*Records shown*.
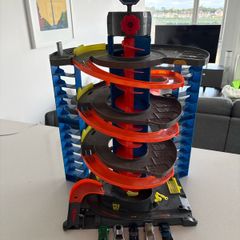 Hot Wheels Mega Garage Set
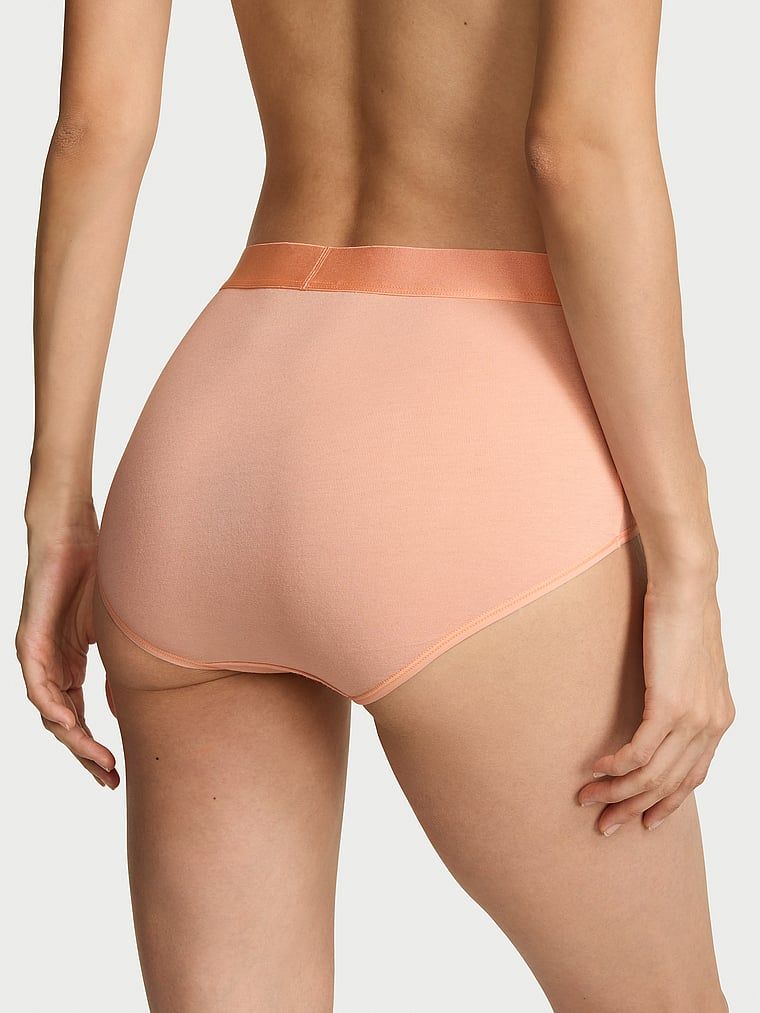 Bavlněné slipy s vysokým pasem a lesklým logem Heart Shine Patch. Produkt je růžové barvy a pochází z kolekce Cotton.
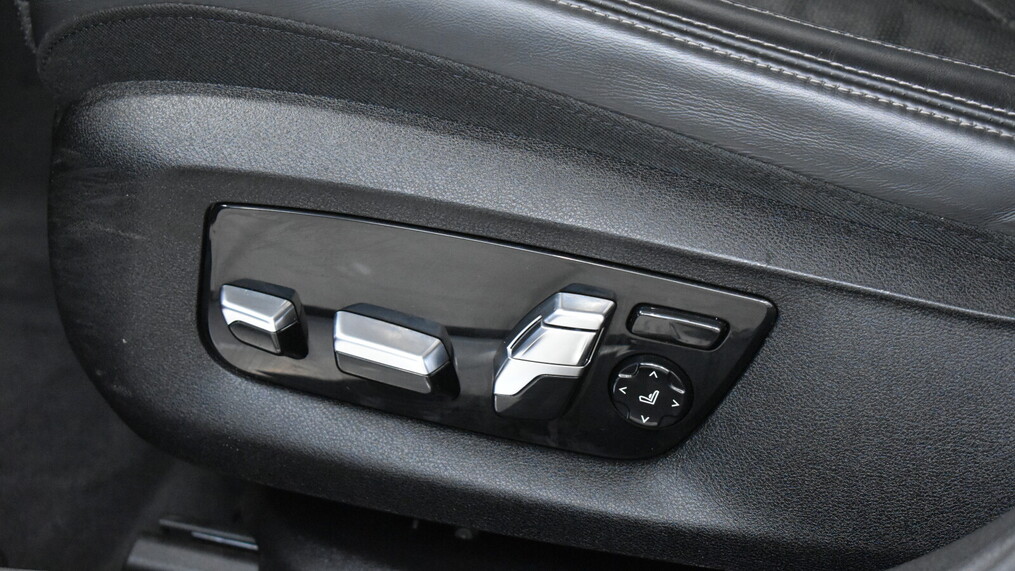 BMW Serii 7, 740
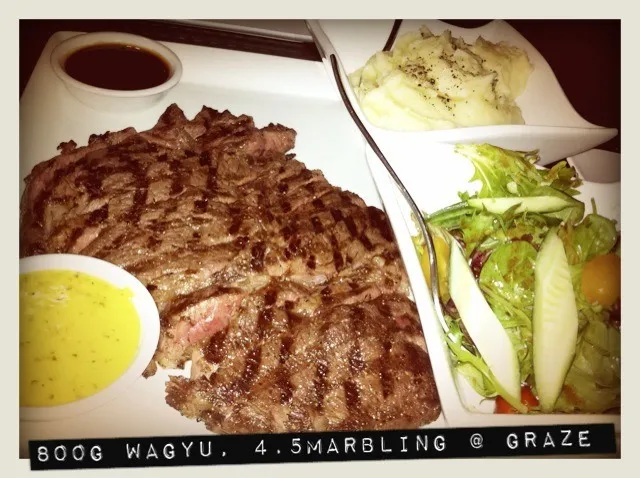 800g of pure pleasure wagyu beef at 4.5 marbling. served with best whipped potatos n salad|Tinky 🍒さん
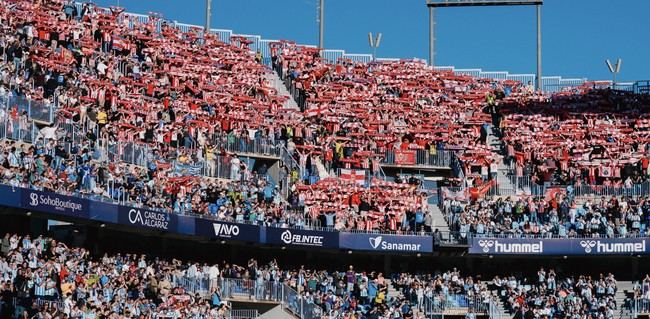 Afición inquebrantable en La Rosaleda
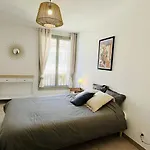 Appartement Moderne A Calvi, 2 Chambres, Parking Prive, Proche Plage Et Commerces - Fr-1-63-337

---

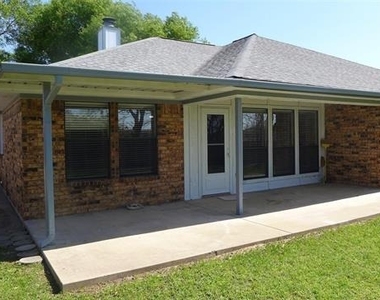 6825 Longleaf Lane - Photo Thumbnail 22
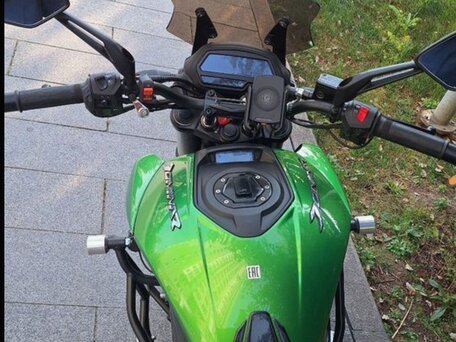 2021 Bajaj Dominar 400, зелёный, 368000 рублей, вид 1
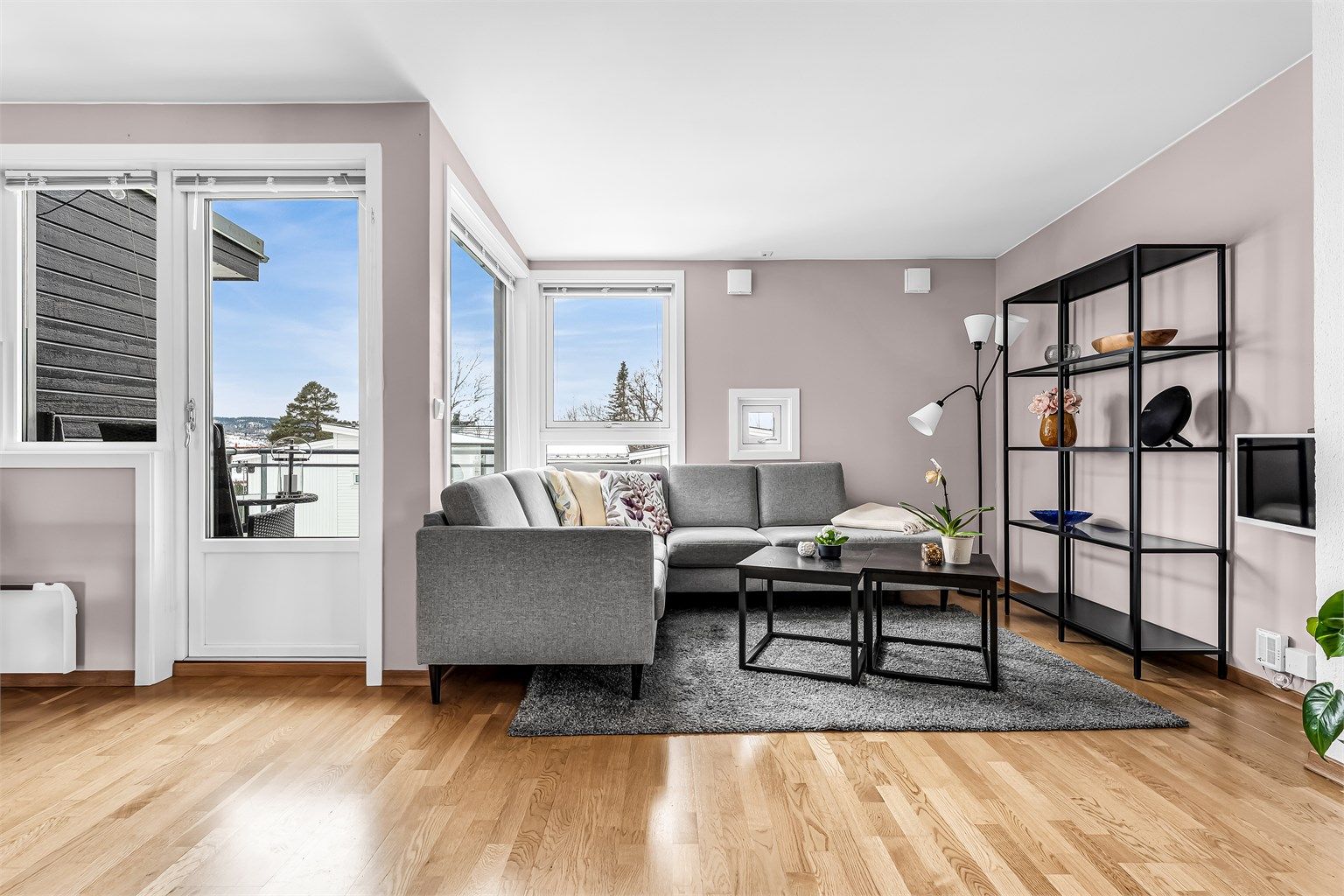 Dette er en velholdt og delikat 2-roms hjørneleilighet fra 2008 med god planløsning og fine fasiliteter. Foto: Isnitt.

*The problem*. Working from the records above, set down word for word everything from the line containing "2021 Bajaj Dominar" down to the line containing "Dette er en", ends included, minus the pictures.

*Answer below*.
 2021 Bajaj Dominar 400, зелёный, 368000 рублей, вид 1
 Dette er en velholdt og delikat 2-roms hjørneleilighet fra 2008 med god planløsning og fine fasiliteter. Foto: Isnitt.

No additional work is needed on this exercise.